Short text fragments from websites:
◇ ◇ ◇ ◇ ◇

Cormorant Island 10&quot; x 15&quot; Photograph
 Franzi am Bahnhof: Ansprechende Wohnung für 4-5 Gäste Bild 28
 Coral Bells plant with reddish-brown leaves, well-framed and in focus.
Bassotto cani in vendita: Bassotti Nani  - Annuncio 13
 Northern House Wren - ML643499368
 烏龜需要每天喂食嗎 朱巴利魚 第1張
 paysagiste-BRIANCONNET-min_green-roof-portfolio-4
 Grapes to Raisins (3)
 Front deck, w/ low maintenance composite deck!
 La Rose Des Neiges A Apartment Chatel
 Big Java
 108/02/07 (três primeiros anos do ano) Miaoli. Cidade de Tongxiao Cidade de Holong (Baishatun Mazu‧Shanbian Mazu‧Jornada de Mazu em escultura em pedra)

◇ ◇ ◇ ◇ ◇

> TASK INSTRUCTIONS: This exercise asks for an exact repeat of the lines from the one holding "La Rose Des Neiges A Apartment Chatel" through the end of the data above.

> RESULT BELOW:
 La Rose Des Neiges A Apartment Chatel
 Big Java
 108/02/07 (três primeiros anos do ano) Miaoli. Cidade de Tongxiao Cidade de Holong (Baishatun Mazu‧Shanbian Mazu‧Jornada de Mazu em escultura em pedra)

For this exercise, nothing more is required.